What to produce
Return every entry below exactly as written, minus the pictures.

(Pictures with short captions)
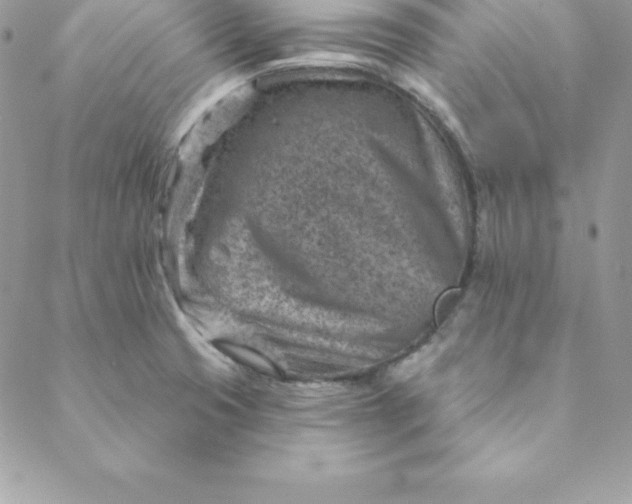 X0000088731425200706141627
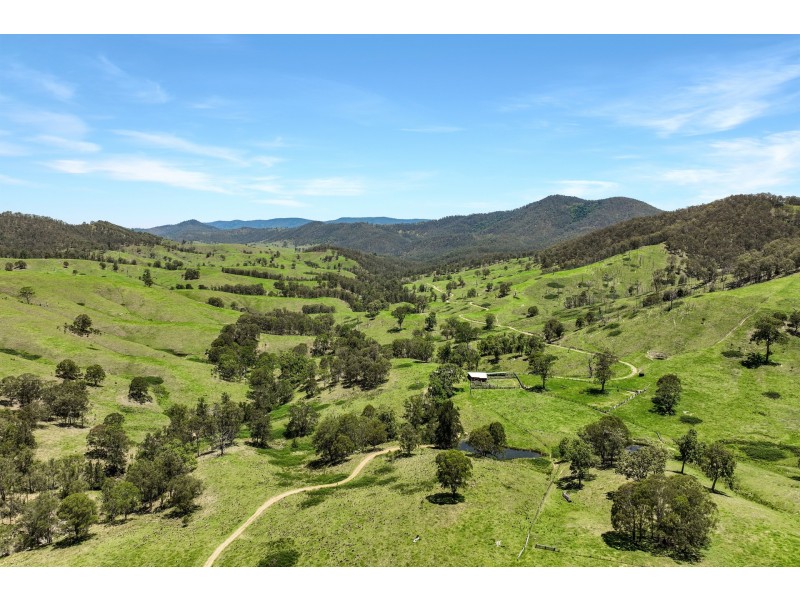 Yard Creek Aggregation, Cooplacurripa NSW 2424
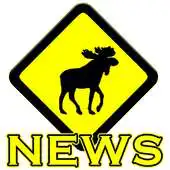 Free play online Immigrer.com NEWS APK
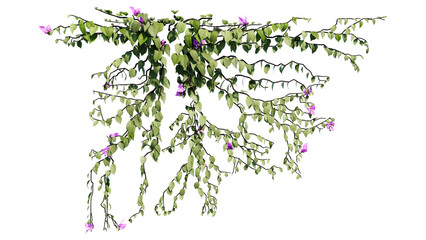 Plant and flower vine green ivy leaves tropic hanging, climbing isolated on transparent background.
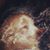 Susana Llamas's profile image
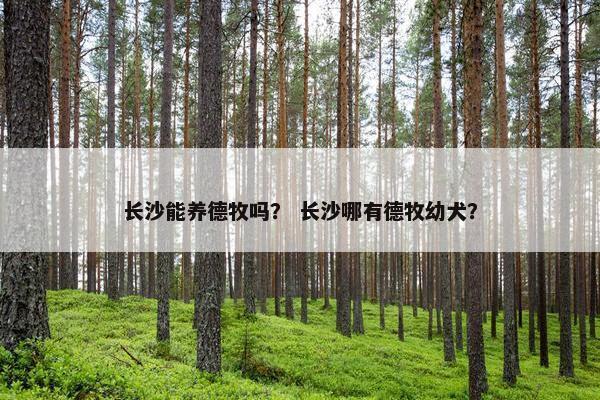 长沙能养德牧吗？ 长沙哪有德牧幼犬？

Exercise result
 X0000088731425200706141627
 Yard Creek Aggregation, Cooplacurripa NSW 2424
 Free play online Immigrer.com NEWS APK
 Plant and flower vine green ivy leaves tropic hanging, climbing isolated on transparent background.
 Susana Llamas's profile image
 长沙能养德牧吗？ 长沙哪有德牧幼犬？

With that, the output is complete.